(Data excerpts)
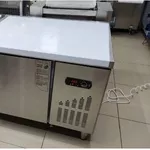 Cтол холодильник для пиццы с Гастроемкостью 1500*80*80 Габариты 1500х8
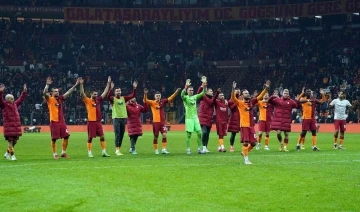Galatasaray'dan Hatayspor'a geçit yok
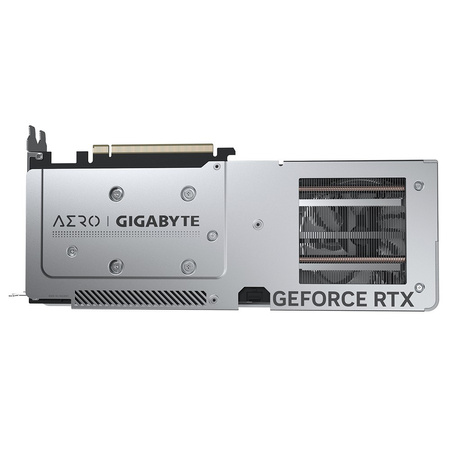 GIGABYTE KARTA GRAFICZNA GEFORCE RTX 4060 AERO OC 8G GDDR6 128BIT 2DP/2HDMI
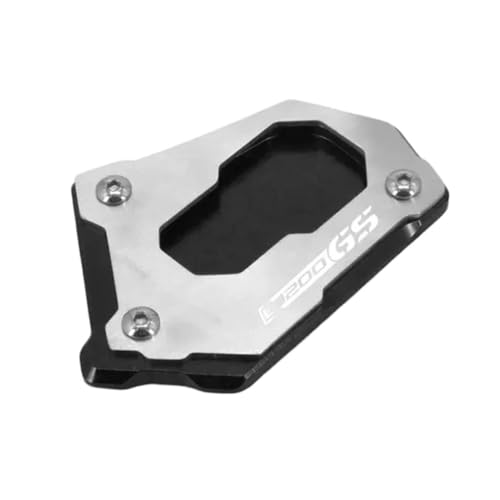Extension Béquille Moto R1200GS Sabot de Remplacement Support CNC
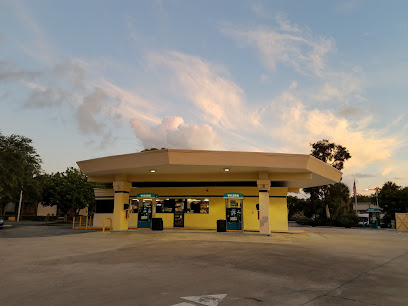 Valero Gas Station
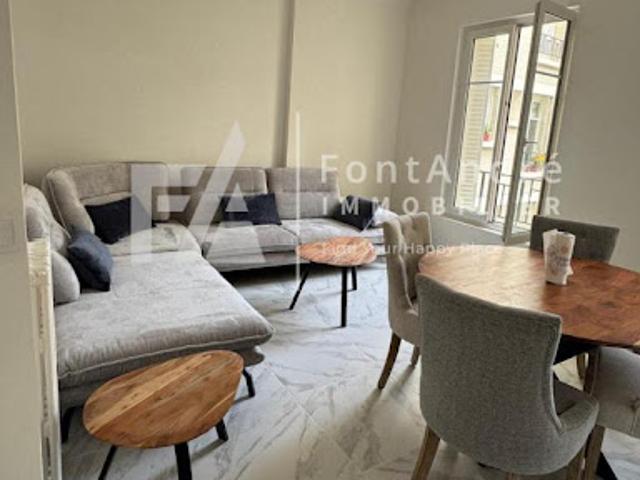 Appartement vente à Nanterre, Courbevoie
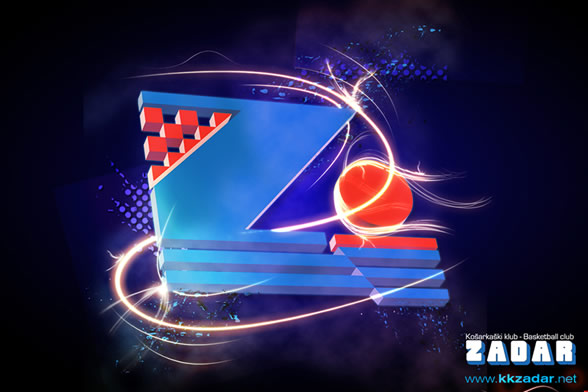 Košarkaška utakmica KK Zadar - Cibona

→ **EXERCISE BRIEF**
Output the entries exactly and keep every picture out of them.

→ **YOUR SOLUTION**
 Cтол холодильник для пиццы с Гастроемкостью 1500*80*80 Габариты 1500х8
Galatasaray'dan Hatayspor'a geçit yok
 GIGABYTE KARTA GRAFICZNA GEFORCE RTX 4060 AERO OC 8G GDDR6 128BIT 2DP/2HDMI
Extension Béquille Moto R1200GS Sabot de Remplacement Support CNC
 Valero Gas Station
 Appartement vente à Nanterre, Courbevoie
 Košarkaška utakmica KK Zadar - Cibona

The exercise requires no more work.